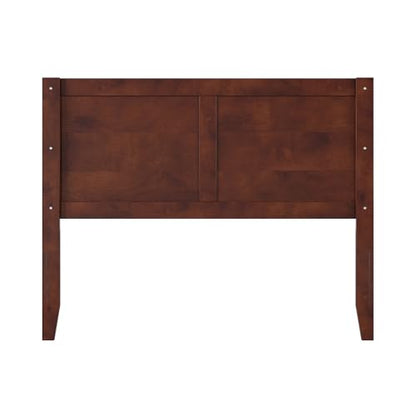 AFI, Canyon Full Solid Wood Rustic Farmhouse Headboard, Walnut - color: Walnut, size: Full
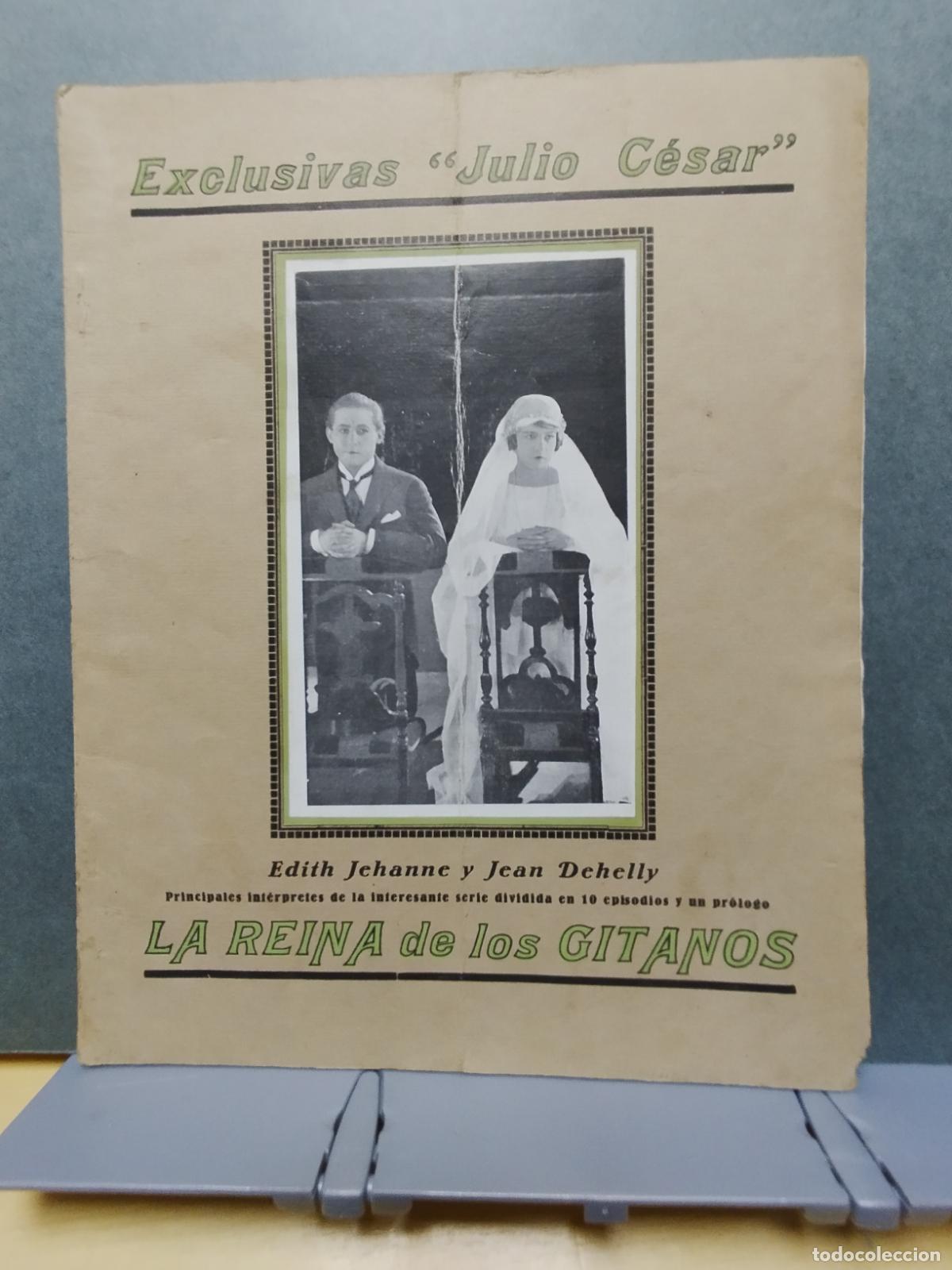 Cinema: BZB CINE. GUIA PUBLICITARIA DE LA REINA DE LOS GITANOS. CON EDITH JEHANNE Y JEAN DEHELLY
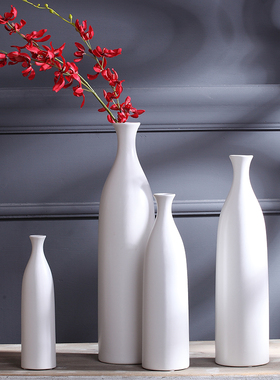 景德镇陶瓷黑色现代电视柜花瓶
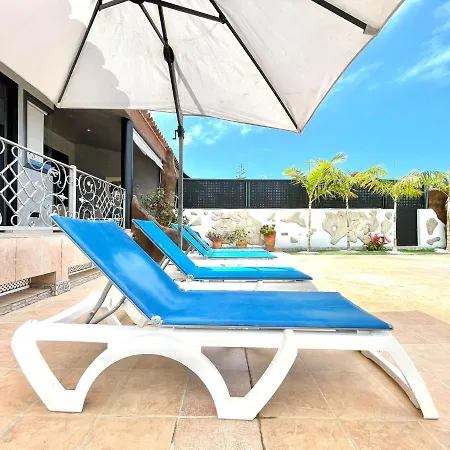 Wonderful With Private Pool, Wifi, Gym And Barbecue In South Tenerife * אדחה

EXERCISE DIRECTIONS: Return the listing verbatim; pictures are not part of the copy.

WRITTEN ANSWER:
 AFI, Canyon Full Solid Wood Rustic Farmhouse Headboard, Walnut - color: Walnut, size: Full
 Cinema: BZB CINE. GUIA PUBLICITARIA DE LA REINA DE LOS GITANOS. CON EDITH JEHANNE Y JEAN DEHELLY
 景德镇陶瓷黑色现代电视柜花瓶
 Wonderful With Private Pool, Wifi, Gym And Barbecue In South Tenerife * אדחה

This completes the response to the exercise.